El señor Lawson hizo un guiño de complicidad a Sam. Él tampoco se sentía cómodo ataviado con aquel esmoquin de Brioni, pero tenía muy claro que la ocasión lo merecía. En resumidas cuentas, la señora Lawson no tenía más que recordarle lo atractivo que estaba vestido a lo James Bond para que este se convenciese de que así era.
Peter tenía diez años más que su mujer. Ambos se conocieron en una fiesta que un amigo de él daba en su lujoso piso de Walsh Bay. Los padres de Sarah fueron invitados porque formaban parte de la alta sociedad australiana, y ella, cediendo ante la insistencia de sus progenitores, asistió con poco entusiasmo al evento porque no iba ninguna de sus amigas. Una vez allí, cuando sus padres se hallaban enfrascados en conversaciones de política, Sarah salió al balcón para respirar un poco de aire fresco. A los pocos minutos, mientras observaba embelesada las luces al otro lado de la bahía, un joven se le acercó por detrás y, sin mediar palabra, se quitó la chaqueta y le cubrió los hombros, que le temblaban a causa del frío.
Sarah se giró sorprendida por el atrevimiento del desconocido, pero, nada más posar sus ojos sobre los de él, quedó prendada de su delicadeza y caballerosidad. Estuvieron más de una hora sentados y conversando en un recodo de la terraza, hasta que los padres de Sarah la encontraron admirando las estrellas muy acaramelada junto a aquel extraño.
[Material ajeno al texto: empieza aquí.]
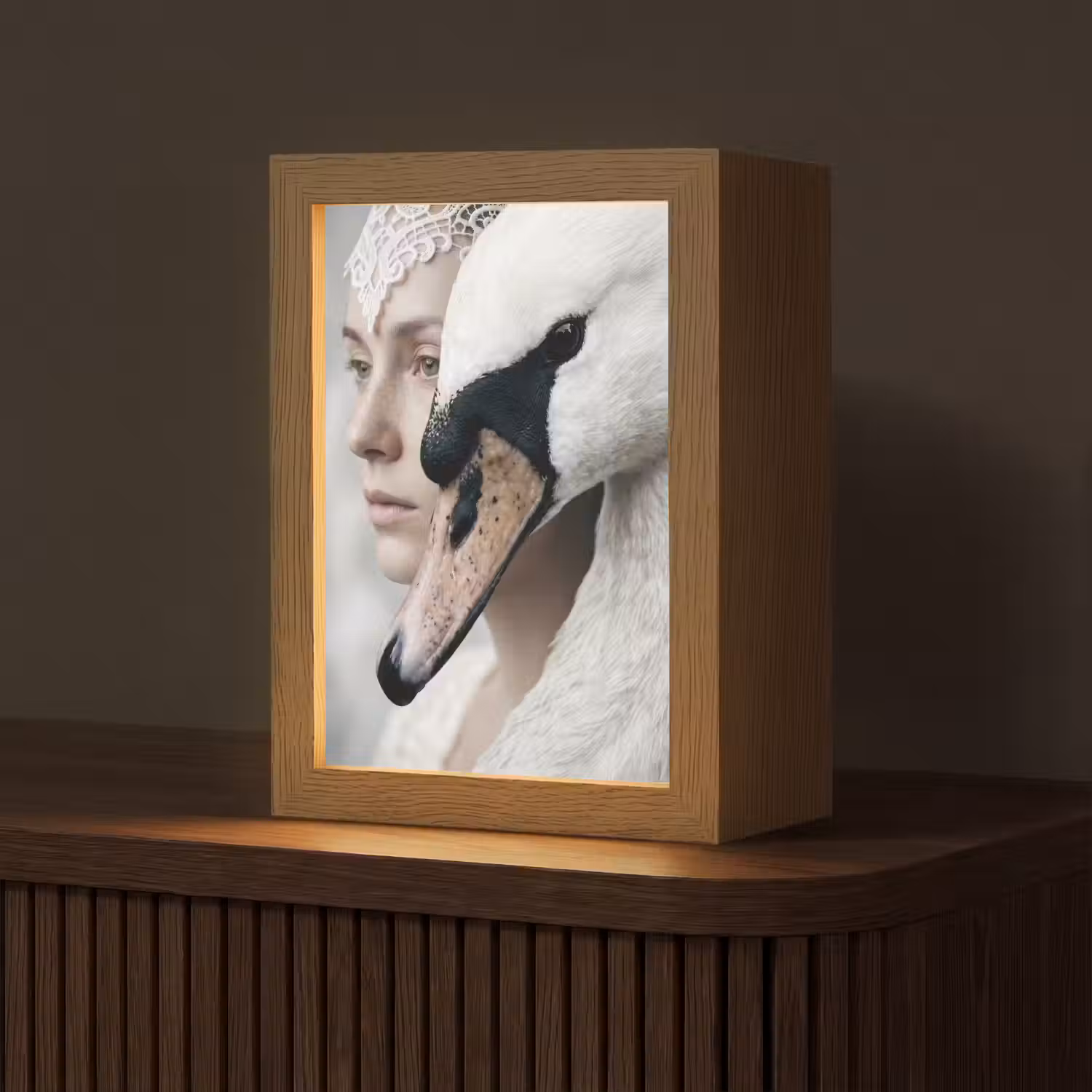 Vrouw - Zwaan - Wit Light Box met kabel (Tafellamp) klein -z3d_website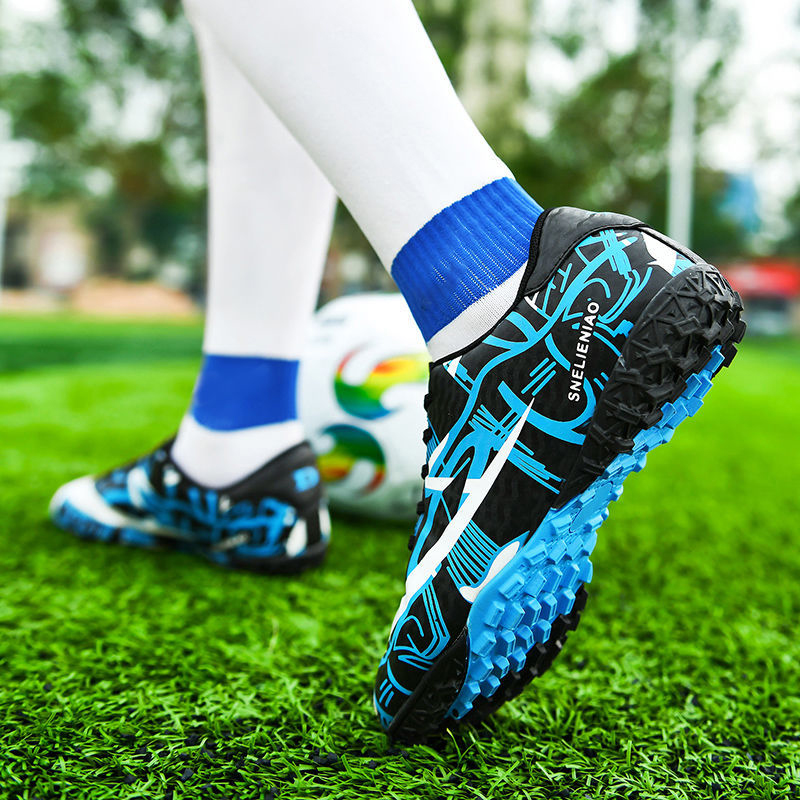 ASSKLO Kids Soccer Shoes Boys Elementary School Students Anti-Slip Professional Soccer Shoes Nails Competition Special Soccer Shoes Female Handsome
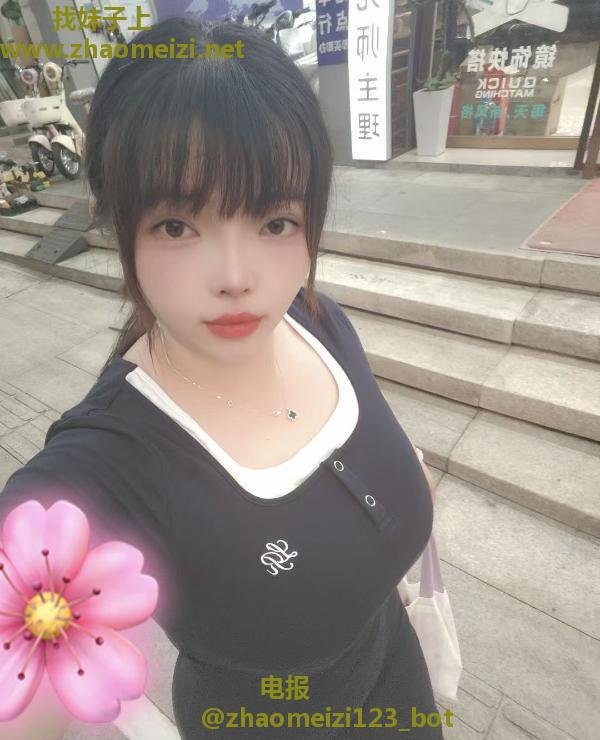 五和地铁站BBW水妹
Sin darse cuenta, Sarah se llevó a casa la chaqueta del joven, la cual contenía toda su documentación. Aquella confusión fue la excusa perfecta para volver a quedar con Peter al día siguiente. Desde aquel instante jamás se separaron.
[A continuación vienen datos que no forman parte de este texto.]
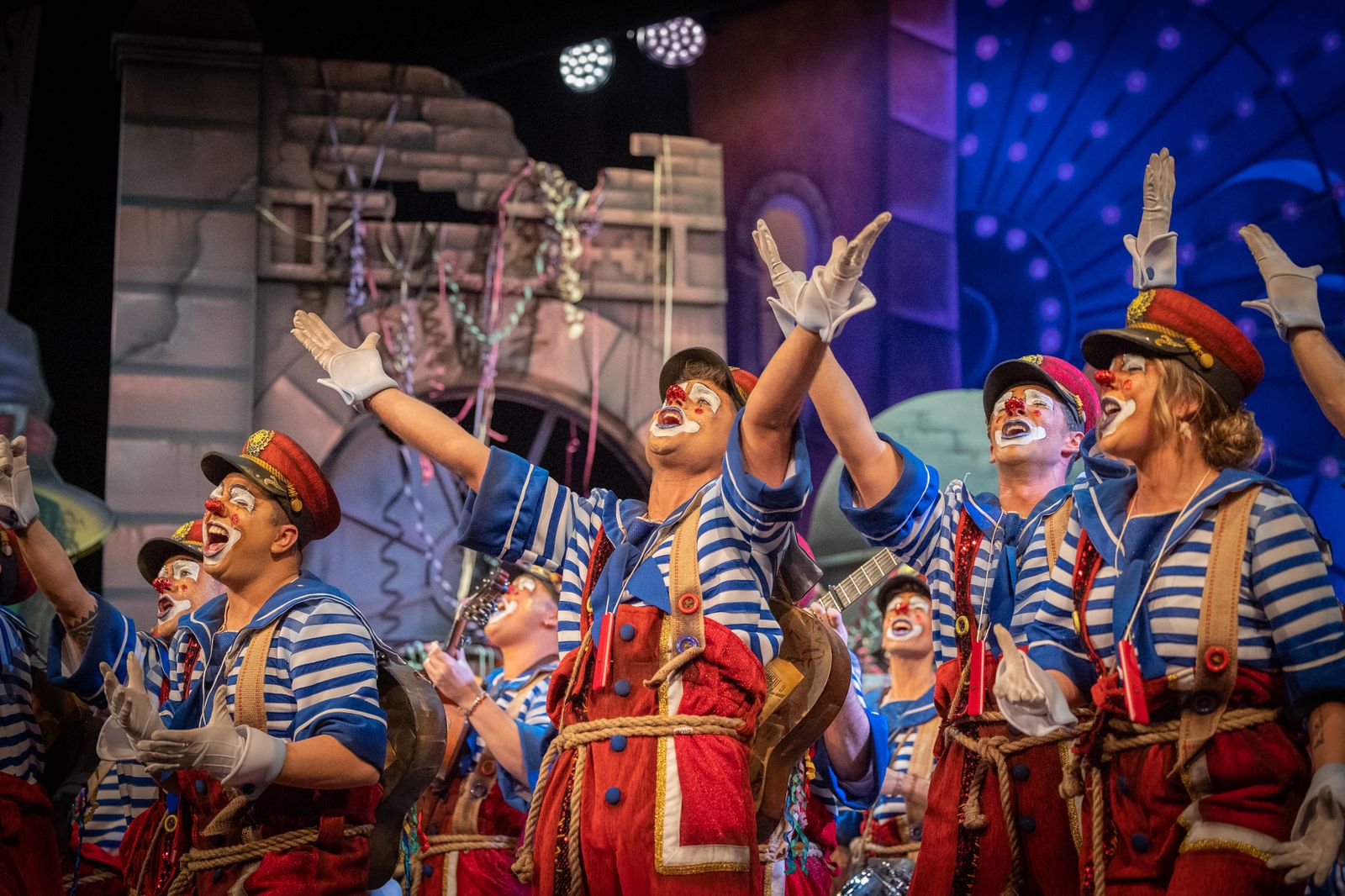 Comparsa Y seguimos cantando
Cuando Sarah finalizó sus estudios en medicina, Peter le pidió matrimonio y, por supuesto, la recibió con los brazos abiertos en su recién inaugurada clínica de estética. Años después, y con mucho esfuerzo, ambos crearon el emporio Lawson’s Surgery.
El mayordomo de la casa, Jeffry, abrió la puerta de la entrada que daba al jardín de la mansión. La noche era húmeda, y la señora Lawson se echó por encima de los hombros su chal de cachemira. Su marido le ofreció el brazo para ayudarla a bajar las escaleras, siempre atento a las necesidades de su esposa.